The settlement, which national lawmakers are expected to ratify within four months, trade officials say, means less-expensive bananas for Europeans, more profit for U.S. fruit companies and lower revenue for some former EU colonies. It ends a 16-year-old trade dispute over access to the EU's $6.7 billion banana market, the world's largest.
Who knew the EU had the world's largest banana market? I hate bananas so I am akin to Switzerland in this whole Banana War. But this may interest investors in the reviled yellow fruit:
Banana imports from the former colonies will fall 14%, costing them $40 million a year, and imports from other countries will increase 17%, according to a study by the Geneva-based International Centre for Sustainable Trade and Development. Banana prices in Europe will fall 12%, the study added.

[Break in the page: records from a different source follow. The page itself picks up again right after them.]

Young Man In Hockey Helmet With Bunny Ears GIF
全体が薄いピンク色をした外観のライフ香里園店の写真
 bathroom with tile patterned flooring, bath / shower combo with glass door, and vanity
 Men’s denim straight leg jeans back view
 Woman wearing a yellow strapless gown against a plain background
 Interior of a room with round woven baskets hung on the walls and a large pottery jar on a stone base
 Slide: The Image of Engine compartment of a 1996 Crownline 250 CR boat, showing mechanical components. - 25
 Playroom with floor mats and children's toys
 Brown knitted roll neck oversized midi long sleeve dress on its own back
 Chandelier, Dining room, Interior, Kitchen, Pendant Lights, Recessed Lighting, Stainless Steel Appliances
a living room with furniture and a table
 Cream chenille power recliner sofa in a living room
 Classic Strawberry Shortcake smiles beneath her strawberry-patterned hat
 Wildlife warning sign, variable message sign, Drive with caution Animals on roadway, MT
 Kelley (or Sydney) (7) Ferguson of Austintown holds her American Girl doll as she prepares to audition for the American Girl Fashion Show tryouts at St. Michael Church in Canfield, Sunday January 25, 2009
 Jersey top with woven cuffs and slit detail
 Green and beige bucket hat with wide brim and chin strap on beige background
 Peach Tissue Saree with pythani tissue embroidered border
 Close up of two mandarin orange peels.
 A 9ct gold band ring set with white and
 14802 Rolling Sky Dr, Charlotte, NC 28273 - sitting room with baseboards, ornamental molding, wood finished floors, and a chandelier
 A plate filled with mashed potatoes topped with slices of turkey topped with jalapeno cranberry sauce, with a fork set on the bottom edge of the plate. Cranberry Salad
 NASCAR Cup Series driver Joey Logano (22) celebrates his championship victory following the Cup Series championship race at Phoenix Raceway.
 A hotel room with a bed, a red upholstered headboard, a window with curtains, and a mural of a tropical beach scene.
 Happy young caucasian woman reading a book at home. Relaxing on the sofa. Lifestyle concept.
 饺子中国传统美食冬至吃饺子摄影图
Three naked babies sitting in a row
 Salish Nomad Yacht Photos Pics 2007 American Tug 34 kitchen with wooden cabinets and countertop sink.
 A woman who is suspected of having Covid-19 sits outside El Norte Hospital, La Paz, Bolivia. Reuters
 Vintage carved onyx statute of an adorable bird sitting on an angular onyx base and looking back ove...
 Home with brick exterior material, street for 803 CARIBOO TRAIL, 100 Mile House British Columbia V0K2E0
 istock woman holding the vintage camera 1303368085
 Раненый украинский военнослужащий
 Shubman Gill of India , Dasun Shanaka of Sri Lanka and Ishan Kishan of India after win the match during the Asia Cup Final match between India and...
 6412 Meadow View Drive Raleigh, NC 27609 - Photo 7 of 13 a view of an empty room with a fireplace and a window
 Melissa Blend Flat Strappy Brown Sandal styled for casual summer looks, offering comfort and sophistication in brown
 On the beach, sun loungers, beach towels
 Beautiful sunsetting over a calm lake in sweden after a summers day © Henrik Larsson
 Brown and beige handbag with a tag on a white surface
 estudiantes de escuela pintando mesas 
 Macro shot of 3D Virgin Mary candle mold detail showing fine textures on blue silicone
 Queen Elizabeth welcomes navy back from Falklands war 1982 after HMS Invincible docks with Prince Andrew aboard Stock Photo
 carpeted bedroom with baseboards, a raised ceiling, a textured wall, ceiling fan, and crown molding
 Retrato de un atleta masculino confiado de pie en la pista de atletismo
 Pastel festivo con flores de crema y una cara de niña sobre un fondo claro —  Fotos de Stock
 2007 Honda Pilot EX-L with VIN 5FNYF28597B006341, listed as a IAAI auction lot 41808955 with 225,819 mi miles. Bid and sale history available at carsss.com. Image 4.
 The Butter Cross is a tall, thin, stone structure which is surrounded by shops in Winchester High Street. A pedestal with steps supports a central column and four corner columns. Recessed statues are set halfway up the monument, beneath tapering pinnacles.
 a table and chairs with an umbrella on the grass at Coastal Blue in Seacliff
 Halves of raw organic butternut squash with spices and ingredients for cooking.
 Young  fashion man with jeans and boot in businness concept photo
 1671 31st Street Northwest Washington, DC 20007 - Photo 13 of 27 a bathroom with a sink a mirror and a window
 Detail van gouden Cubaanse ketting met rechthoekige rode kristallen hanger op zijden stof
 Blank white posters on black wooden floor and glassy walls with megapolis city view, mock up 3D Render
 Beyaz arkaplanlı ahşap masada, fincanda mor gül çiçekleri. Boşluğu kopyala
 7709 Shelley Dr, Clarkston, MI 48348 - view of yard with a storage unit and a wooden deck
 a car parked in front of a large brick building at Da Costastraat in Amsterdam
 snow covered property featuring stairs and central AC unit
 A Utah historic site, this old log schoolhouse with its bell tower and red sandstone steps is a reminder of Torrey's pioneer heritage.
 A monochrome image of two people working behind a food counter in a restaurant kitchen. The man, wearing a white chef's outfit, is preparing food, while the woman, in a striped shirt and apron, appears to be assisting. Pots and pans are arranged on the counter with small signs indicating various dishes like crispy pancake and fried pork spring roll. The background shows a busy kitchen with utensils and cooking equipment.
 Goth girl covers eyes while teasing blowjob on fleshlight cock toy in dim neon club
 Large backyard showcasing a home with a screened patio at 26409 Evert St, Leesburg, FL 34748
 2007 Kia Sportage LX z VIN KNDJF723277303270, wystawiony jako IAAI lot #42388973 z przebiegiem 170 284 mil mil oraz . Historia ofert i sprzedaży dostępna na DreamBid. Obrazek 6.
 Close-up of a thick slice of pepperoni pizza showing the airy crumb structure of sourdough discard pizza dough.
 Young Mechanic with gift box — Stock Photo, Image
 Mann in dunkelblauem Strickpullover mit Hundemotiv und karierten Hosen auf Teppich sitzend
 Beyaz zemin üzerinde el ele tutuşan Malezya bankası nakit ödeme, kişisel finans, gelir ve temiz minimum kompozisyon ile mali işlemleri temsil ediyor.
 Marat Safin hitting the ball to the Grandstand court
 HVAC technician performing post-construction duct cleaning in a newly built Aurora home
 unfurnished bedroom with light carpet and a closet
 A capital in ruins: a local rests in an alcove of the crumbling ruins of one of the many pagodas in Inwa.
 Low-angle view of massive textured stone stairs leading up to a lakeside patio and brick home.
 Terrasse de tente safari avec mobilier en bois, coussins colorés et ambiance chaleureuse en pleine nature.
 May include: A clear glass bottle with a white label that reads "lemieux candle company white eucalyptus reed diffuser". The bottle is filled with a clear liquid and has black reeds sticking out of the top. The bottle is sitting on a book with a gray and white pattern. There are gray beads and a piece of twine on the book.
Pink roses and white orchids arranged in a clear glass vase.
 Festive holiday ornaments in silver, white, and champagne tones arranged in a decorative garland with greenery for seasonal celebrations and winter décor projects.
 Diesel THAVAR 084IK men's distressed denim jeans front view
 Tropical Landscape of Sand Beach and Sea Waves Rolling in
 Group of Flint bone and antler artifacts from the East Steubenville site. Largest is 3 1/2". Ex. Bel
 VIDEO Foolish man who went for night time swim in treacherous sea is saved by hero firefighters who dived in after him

Ed Loyd, a Chiquita spokesman, said the agreement would save Chiquita about $12 million a year for every €10 reduction in the tariff. He said the ruling would benefit the Cincinnati company more than most of its competitors because it is the market leader in Europe and sources nearly all of the bananas it sells in Europe from Latin America.
Of course you would think that the so-called "Banana Industrial Complex" would make out at the expense of these African banana nations. In any case it boosted Chiquita stock (CQB) a cool 3.9% and might make it go higher depending on what percentage of the European market will be eating cheaper South American bananas rather than already fairly cheap African bananas.